Teachers who can and do
Teachers who survived
Teachers who look beyond your roots
Teachers who see inside
Teachers who teach from the hip
Teachers who annotate all their lives
Teachers who have the stare
Teachers who care
Teachers who set classrooms on fire
Teachers who understand knowledge is the inferior
Teachers who busk lessons, beautifully
Teachers who shouldn’t be there
Teachers who definitely detain
Teachers who return the ball rounder
Teachers who laugh learning
Teachers who have their own children
Teachers who ssshhh too much
Teachers who taught whole families
Teachers who earn a nickname
Teachers who never gave an assembly
Teachers who stay above on the same plain
Teachers who preference metaphor
Teachers who keep it a puzzle
Teachers who are remembered

Crushed Stetson

Doorways are portals to dreams, but when they close
cut like a guillotine. Red flows, and lust is layered on
the floor as a metaphor – and this cherry ink too
chastises or caresses. There is too much love of these
imaginings, how the combing of wet hair is an
ablution for the ridding of sins, or grooming for an
illicit affair. Someone is walking and talking but they are
really the litotes in a semantic field of verbs, now as
past participles of secret authorial meanings rather than
words. There are times when we need to see beyond that
single sketched line of the hill, see the other landscapes
that hide within the fog and fear, but eyes are for opening
not drawing on. In a room where someone is preaching
better lessons are taught and learnt when chanced upon.

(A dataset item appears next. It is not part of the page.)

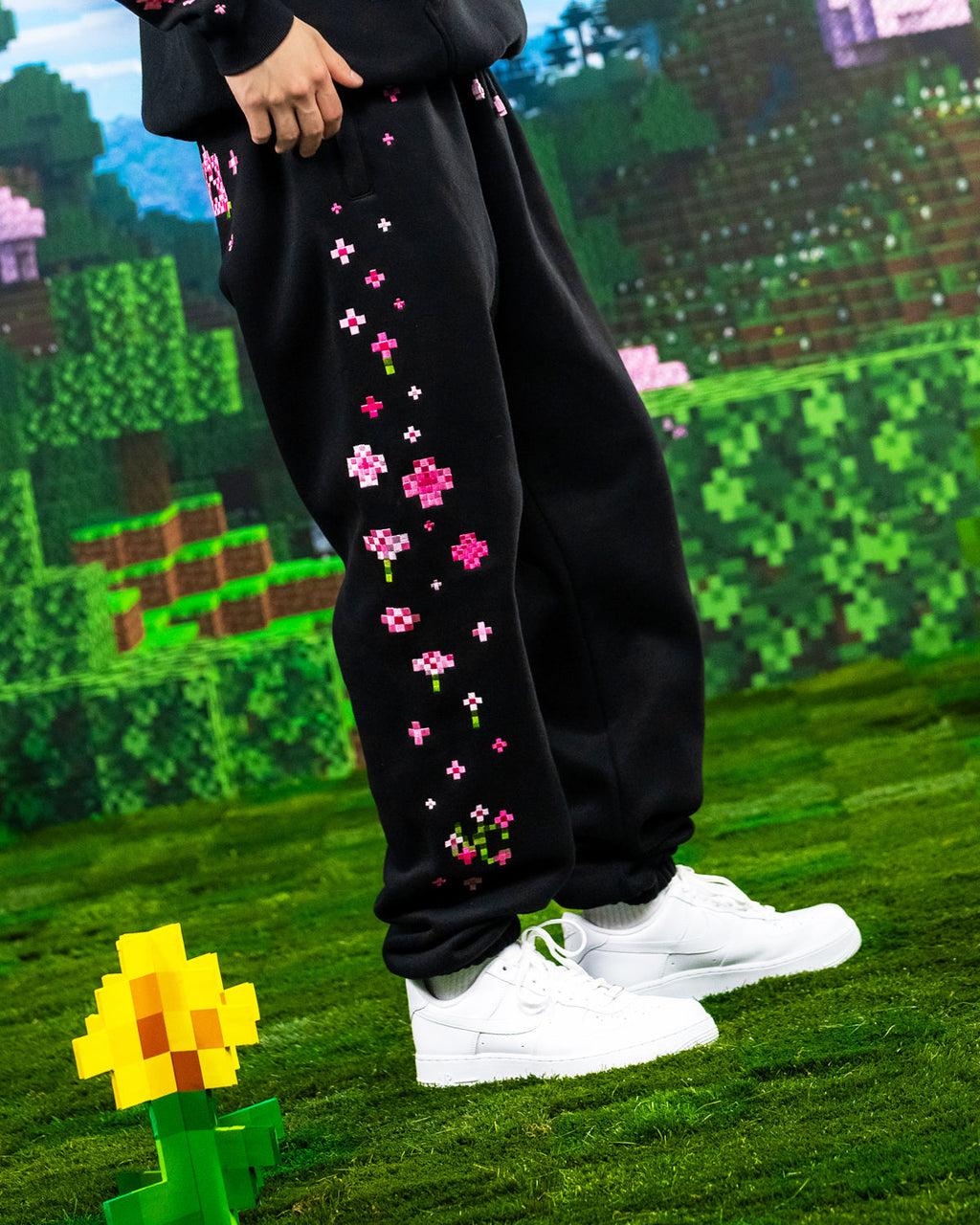 The Blossom Trackpants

These initial posting are a benchmark for the types of sharing I will be doing on this new blog, and I have presented these four before putting it out there. Putting it out there to see if I can better my increasingly regular Facebook ducks [you will find threads throughout postings….]

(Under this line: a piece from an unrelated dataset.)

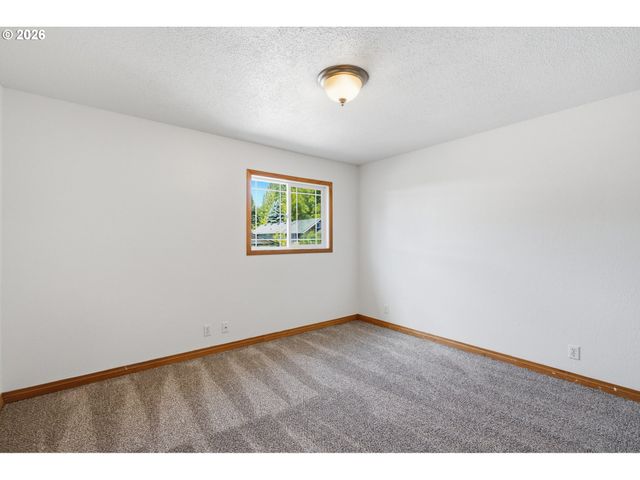 1000 COWLITZ Way, Kelso, WA 98626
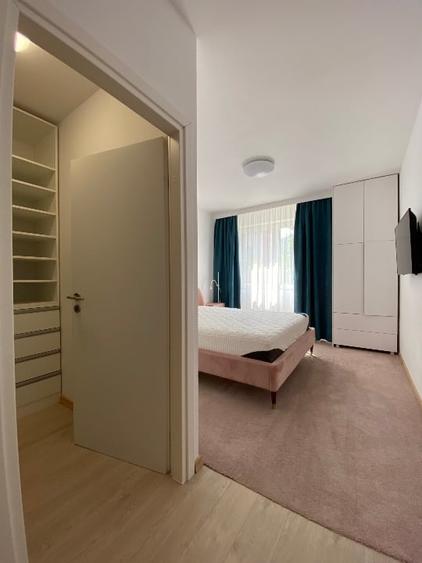 Apartament cu 4 camere decomandat, mobilat în Avantgarden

You shouldn’t have to explain a poem but this one could be difficult without some context [and that’s a concern to have to admit]. Briefly, it was written in response to examining GCSE English Literature exam responses. Before I continue, I must stress that as an examiner I am every year essentially blown away with the overall high quality of student responses: informed, empathetic, articulate. Teachers have to take considerable credit for this.

However, there is still a vestige of the past the intrudes on some student answers – and this can be seen in whole class or even whole school responses – and it is where the Literacy Strategy and in particular its word level obsession still insinuates its control. It is when the language of the text is broken down constantly into linguistic references, as if this naming explains the nuances of an author’s writing style and intentions. It doesn’t.

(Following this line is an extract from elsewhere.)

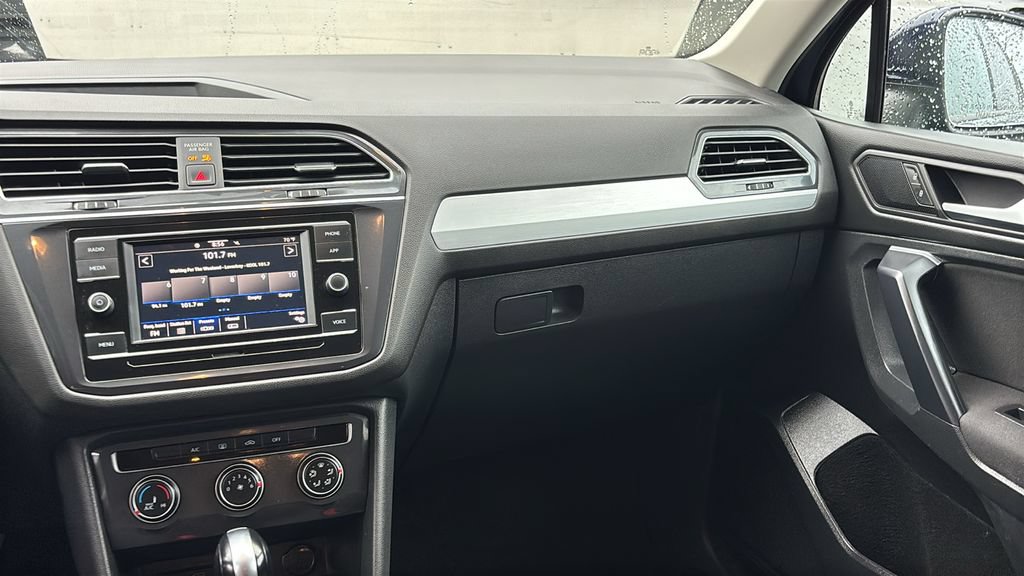 Used 2021 Volkswagen Tiguan S FWD image 8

As frustrating as I can find this as an examiner, let alone a reader, I always also sense the teacher’s panic in giving students such an overtly critical vocabulary, as if the correctness of the terms will impress and earn marks, marks needed to get grades to meet targets. Of course, some teachers will believe in the primacy of such analysis – sadly – but I think many feel the weight of that Strategy still with us, as if it did make sense. It didn’t.

You also get the schools who have picked up a waft of an idea and instill it in GCSE students like an absolute. So in the poem there is reference to the notion that at the end of An Inspector Calls the curtain comes down like a guillotine and this relates, politically, to the French Revolution. As for the multitude of messages in Slim combing his hair….

But then his self-barbering won’t be relevant in the future.